In early January, I started reading several books  for a class.  I was deeply surprised to see how much I related to the materials.   I originally wrote this in a private journal:

  There are some connections that are finally making sense to me.  I’ve long wondered what exactly has held me back from stepping into life’s fullest and what keeps pulling me back.  What keeps causing me to withdraw.  It’s shame.I need to think, pray, and ruminate on this since I don’t have a full understanding of if there was one event or if it’s just from all of growing up, in general.  But I have this deep shame that weighs me down, anchoring me to the past.  It’s what makes me want to hide, to not come out and experience newness, relationships, life.

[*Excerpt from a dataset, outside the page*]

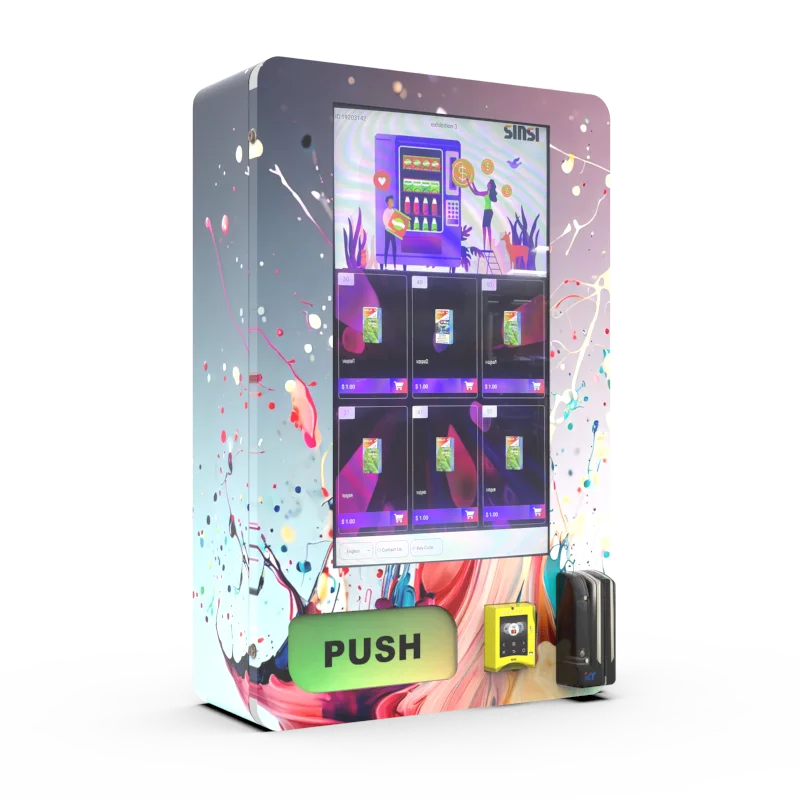 Small Wall Mounted CBD Vending Machine With 32 Inch Touch Screen with Digital Software Support Age Verification Customized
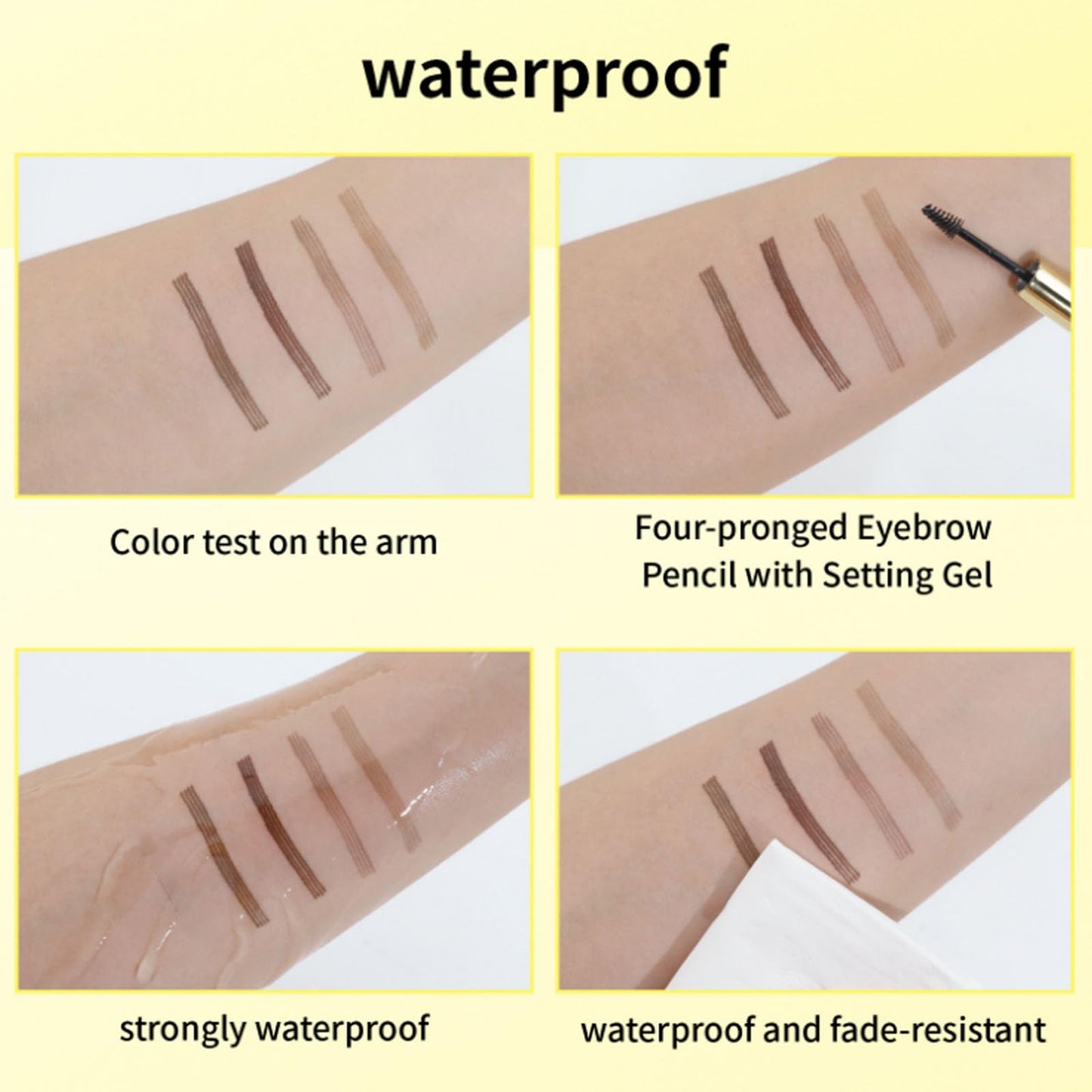 Shengqialun Dual-Ended Eyebrow Pencil & Eyebrow Gel, 2 In 1 Eyebrows Pen, 4-Fork Tip Brow Pencil, Long-Lasting Eye Brow Pencils For Natural Looking Defined Eyebrows, Black Brown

I suspect much of this lingering sense of shame comes from growing up as a child of a hoarder, though there may be other factors too.

My readings for class are about the differences between guilt and shame; understanding what shame actually is from these descriptions have opened my eyes up.  I finally recognize what is haunting me.  I’m going to share several passages from what I’ve been reading to help process this material.  The bold are my own emphases.

Consider this from Christopher Flanders in his book About Face:  Shame is a global statement about the self.  That is, the focus in shame is not so much on the deed of failure, but rather on the resulting inadequacy that the self experiences, often made painfully real by the exposure of the inadequacy or failure” (p. 60)

Or this from Helen Lynd i On Shame and Search for Identity: “Since shame involves the whole self, it cannot be easily removed.  An action that brings guilt can be separated from the self.  We can say, “I did that, but that action does not reflect the real me.”  Thus, guilt can be mitigated, nullified, expiated.  Shame cannot.  It is not an isolated act that can the attached from the self…It is pervasive as anxiety is pervasive; its focus is not a separate act but a revelation of the whole self.  The thing that has been exposed is what I am” (p. 50).

More from Flanders:  “The command associated with guilt would be something like: ‘Stop.  What you have done is wrong and violates the rule or standard.’  In contrast, the command interpreted from the perspective of shame would be, ‘Stop.  What you have done is wrong.  You are no good.’  As such, the shame command is more severe because it is more profoundly a statement about the self, not simply an action abstracted and isolated from the self:” (p. 62).

Flanders again:  “Shame involves global attribution where the wrong committed is internalized and appropriated at the most fundamental evaluative level of the self.  There may be attention given to the wrong committed but the primary focus is upon the defective nature of the self.   Shame viewed in this light reflects a more fundamental problem.  The self is defective” (p. 62).

Paul Gilbert in Shame: Interpersonal Behavior, Psychopathology, and Culture explains shame as “an inner experience of the self as unattractive social agent” and an experience of “being in the social world, an undesired self, a self that does not wish to be” (p. 22).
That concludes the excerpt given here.